John Milne, dated 1865. Finely-detailed large asymmetrical multi-gabled Scots Baronial house, 3-storey with 1- and 2-storey wing and dominant 5-stage tower with corbelled and crenellated parapet prominently sited in Kennedy Gardens, now part of University Hall. Bull-faced squared and snecked sandstone rubble with ashlar margins. Distinctive use of crowstepped gables, corbelled conical-roofed bartizaned turrets, canted bay windows and stone dormerheads. Moulded architraves to windows.

FURTHER DESCRIPTION: E (street) elevation; advanced round tower corbelled to square at top stage with tall 2-leaf 8-panel timber door with roll-moulded architrave. Decorative armorial panel dated 1865 to second stage flanked by architraved windows. Single central windows to 3rd and 4th stage of tower. Top stage with central star emblem below corbel course; turret to SW corner and stepped parapet. To right, 3-storey recessed crowstepped gabled bay. To far right, 2-bays with outer bay with pedimented dormerhead breaking eaves. Corbelled conical turret at NE corner. To far left, recessed 1- and 2-storey wing with later lean-to glasshouse with decorative multi-pane glazing, conical-roofed tower, and single crowstepped gabled bay.

Mixture of 8-pane and plate glass timber sash and case windows with horns. Graded grey slates; graded grey fishscale slates to conical roof turrets. Some ashlar coped gable stacks with cans. Cast-iron rainwater goods.

INTERIOR: (partly seen 2007).
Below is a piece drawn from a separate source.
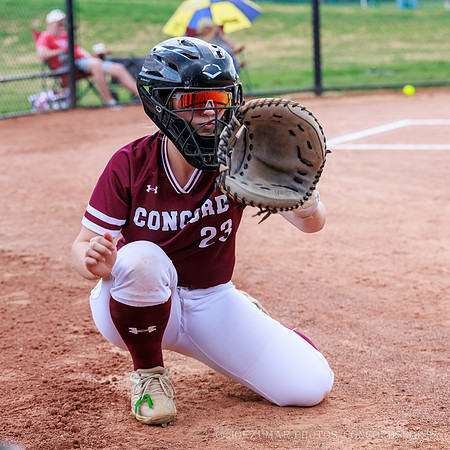 ConcordSoftball_20260417-009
Altered to form hall of residence for students of St Andrews University. Ground floor principal common room with simple timber and tile chimneypiece, 6-panel timber door and decorative plaster cornice and ceiling. Vaulted central corridor. Fine quality timber turned baluster staircase with timber handrails.

BOUNDARY WALLS AND GATEPIERS: low coped sandstone section of wall to SW curving inwards (E) incorporating bull-faced square-plan chamfered gatepiers with moulded caps.

Statement of Interest

An excellent example of the work of local architect John Milne (1823-1904), Wardlaw is sited on a prominent position along Kennedy Gardens overlooking North Haugh and the western approach road (A91) to St Andrews. Constructed in 1865 this is a finely detailed building with a plethora of Scots Baronial references such as crowstepped gables, turrets, canted bay windows and stone dormerheads. The tower is a particularly distinctive feature. Externally it remains largely unaltered. Whilst some alterations have been made to the interior for conversion to a hall of residence, the building was acquired by St Andrews University in 1947, many original features remain such as the fine timber baluster staircase and some decorative plasterwork.
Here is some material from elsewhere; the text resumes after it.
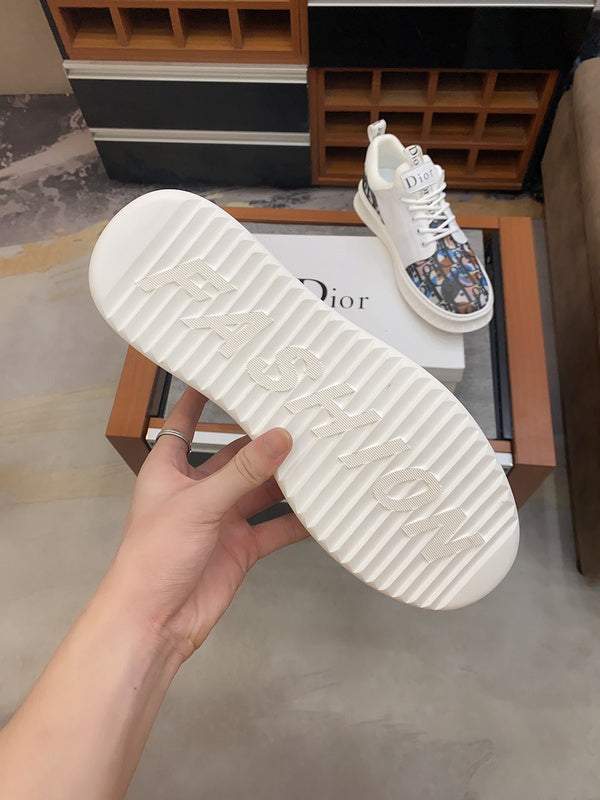 VV - DOR Shoes - 943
John Milne was Clerk of Works to the celebrated Edinburgh-based Baronial architect David Bryce. Milne later established his own practice in St Andrews around 1850 and many of his early commissions such as Martyrs Free Church in St Andrews resulted from his close association with the Free Church. Later, partly through his position as a town councillor and Bailie, Milne was involved in the expansion of St Andrews and feued the Rathelpie area in 1854. This area included Wardlaw. He was also involved in street improvement schemes through tree planting in Market Street, The Scores, North Street, as well as the Lade Braes Walk. The University of St Andrews Library hold his personal Scrapbook (Ref: MS 37447) which contains newspaper cuttings and letters dealing with his career and several commissions, along with an anonymous 1903 publication Concerning His Designs (Hay Fleming Collection).

Wardlaw, originally Westerlee, was built for Mr Ewing Curwen at a cost of £4,700. The plans were given an honourable mention at the International Exhibition of Architecture in 1874 (A. Ledgard p. 27). At present (2007) Wardlaw Wing, together with Old Wing (1896/1911) and Lumsden (1962), comprise student accommodation for the University of St Andrews collectively known as University Hall.